Bem, isso não é exatamente uma resenha, pois não me sinto suficientemente capaz de construir uma. O que tenho a dizer é que o novo trabalho é entulhado dos clichês mais clichezentos do heavy metal clássico. Está praticamente tudo lá: riffs antológicos, bateria ensandecida, peso e ritmo caminhando de forma harmônica, além dos gritos de praxe. Gritos estes que, naturalmente, não são os mesmos de outrora. Rob Halford praticamente perdeu seus agudos, mas continua mandando muito bem nos graves, além de arriscar uns bons gritos na terceira faixa da bolachinha, Halls of Valhalla.

Bem, se é tudo clichê, o disco é uma bela bosta então, correto? Não, não é. Para este que vos escreve, ao menos, não. A primeira impressão até não foi das melhores. A produção me pareceu abafada, Halford não empolga mais, e as músicas parecem um caso patológico de autoplágio. Porém, à medida que fui ouvindo o disco, em um volume digno de metal, senti que a banda está em forma, mantém a qualidade e continua capaz de arrepiar o ouvinte! O disco é, em geral, muito gostoso de ouvir, até viciante. Sem dúvida, muito superior a vários lançamentos de bandas novas que tentam inovar e conseguem apenas se afastar do estilo.

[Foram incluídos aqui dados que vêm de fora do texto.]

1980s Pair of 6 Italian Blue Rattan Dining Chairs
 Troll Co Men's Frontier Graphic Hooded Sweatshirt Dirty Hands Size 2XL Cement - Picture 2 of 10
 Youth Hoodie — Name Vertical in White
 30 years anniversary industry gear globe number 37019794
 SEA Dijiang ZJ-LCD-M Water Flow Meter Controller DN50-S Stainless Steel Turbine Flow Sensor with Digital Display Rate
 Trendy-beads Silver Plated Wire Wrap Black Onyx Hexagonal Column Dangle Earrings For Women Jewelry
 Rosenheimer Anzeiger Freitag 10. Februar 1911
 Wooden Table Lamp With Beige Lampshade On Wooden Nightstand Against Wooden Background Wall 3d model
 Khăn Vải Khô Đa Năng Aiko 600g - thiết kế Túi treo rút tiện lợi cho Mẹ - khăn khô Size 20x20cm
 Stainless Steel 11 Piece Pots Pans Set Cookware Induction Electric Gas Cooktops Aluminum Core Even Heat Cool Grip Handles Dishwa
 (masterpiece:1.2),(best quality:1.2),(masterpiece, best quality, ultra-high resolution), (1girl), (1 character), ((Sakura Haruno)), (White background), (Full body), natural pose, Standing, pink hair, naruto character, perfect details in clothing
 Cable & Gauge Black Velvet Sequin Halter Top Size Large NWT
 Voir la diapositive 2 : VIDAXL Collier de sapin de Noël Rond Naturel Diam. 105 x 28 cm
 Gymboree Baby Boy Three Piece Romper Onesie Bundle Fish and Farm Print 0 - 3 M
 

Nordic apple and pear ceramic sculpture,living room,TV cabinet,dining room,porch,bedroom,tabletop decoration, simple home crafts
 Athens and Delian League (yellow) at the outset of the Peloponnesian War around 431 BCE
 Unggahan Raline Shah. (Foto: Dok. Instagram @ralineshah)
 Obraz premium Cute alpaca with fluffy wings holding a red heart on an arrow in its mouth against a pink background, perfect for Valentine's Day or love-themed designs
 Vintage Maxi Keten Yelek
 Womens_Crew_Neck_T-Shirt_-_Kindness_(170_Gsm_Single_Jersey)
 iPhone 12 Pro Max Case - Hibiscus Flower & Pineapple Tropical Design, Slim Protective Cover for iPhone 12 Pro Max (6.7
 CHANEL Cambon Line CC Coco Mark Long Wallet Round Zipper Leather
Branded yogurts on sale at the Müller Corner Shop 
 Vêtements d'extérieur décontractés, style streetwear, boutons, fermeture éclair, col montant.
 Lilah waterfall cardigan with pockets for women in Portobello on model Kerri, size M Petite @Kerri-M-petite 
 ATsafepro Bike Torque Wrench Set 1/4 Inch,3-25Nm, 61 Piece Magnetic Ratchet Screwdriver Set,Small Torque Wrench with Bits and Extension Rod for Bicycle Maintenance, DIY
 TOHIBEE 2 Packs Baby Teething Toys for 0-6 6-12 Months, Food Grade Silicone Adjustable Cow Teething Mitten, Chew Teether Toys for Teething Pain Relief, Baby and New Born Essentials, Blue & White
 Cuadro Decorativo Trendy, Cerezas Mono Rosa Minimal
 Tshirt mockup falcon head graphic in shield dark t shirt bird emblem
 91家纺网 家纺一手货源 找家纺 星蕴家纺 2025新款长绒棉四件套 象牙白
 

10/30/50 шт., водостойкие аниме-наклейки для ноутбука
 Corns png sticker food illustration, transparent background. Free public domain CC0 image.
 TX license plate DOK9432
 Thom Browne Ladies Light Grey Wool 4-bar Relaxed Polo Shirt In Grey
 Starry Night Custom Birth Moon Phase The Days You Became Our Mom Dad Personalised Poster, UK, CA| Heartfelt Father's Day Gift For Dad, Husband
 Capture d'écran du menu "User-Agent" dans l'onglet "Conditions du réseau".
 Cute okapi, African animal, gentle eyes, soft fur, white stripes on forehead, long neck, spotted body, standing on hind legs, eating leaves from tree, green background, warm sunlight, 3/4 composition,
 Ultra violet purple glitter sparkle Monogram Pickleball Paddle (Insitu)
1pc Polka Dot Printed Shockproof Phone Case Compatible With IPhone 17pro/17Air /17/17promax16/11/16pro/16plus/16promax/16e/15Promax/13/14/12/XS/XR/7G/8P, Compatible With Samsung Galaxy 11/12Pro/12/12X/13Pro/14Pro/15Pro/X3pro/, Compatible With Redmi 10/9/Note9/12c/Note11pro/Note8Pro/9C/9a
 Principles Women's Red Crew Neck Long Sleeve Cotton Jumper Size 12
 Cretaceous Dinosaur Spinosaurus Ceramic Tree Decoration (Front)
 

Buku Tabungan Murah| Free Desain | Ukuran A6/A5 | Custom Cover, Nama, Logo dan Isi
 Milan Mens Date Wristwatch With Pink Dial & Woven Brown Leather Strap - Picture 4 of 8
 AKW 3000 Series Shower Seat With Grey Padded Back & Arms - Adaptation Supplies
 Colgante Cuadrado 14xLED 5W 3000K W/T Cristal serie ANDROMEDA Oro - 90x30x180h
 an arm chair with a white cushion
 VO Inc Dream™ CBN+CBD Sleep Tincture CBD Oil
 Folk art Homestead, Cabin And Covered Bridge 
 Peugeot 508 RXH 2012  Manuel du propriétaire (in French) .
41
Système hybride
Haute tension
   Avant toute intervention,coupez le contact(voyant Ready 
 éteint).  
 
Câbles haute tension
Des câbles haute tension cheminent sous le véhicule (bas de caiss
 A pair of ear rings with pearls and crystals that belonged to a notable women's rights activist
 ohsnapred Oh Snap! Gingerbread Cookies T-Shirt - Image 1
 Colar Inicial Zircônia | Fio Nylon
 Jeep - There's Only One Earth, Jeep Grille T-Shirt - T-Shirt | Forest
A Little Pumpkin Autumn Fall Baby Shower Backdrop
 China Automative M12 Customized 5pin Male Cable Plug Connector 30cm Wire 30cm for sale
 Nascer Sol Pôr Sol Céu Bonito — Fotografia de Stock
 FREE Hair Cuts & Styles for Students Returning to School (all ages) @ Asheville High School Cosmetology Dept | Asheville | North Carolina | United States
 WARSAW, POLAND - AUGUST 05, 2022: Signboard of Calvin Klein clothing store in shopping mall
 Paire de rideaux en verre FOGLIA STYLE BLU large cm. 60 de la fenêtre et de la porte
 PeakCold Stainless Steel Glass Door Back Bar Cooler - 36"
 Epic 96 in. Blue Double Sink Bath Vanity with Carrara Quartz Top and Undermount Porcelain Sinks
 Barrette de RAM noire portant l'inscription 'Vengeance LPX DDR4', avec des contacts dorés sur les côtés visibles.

É evidente que os caras estão mais velhos, com menos disposição e criatividade, e reciclar ideias parece o caminho natural, na insistência de se manter a banda na ativa. Mas isso não chega a ser demérito. Há muita dignidade no trabalho, e creio que irá alegrar ouvidos menos frescos. De qualquer forma, para os puristas do metal, o disco é uma maravilha, pois trata-se apenas disso: heavy metal. Exatamente aquele que o Judas ajudou a criar, com todos os clichês e idiossincrasias.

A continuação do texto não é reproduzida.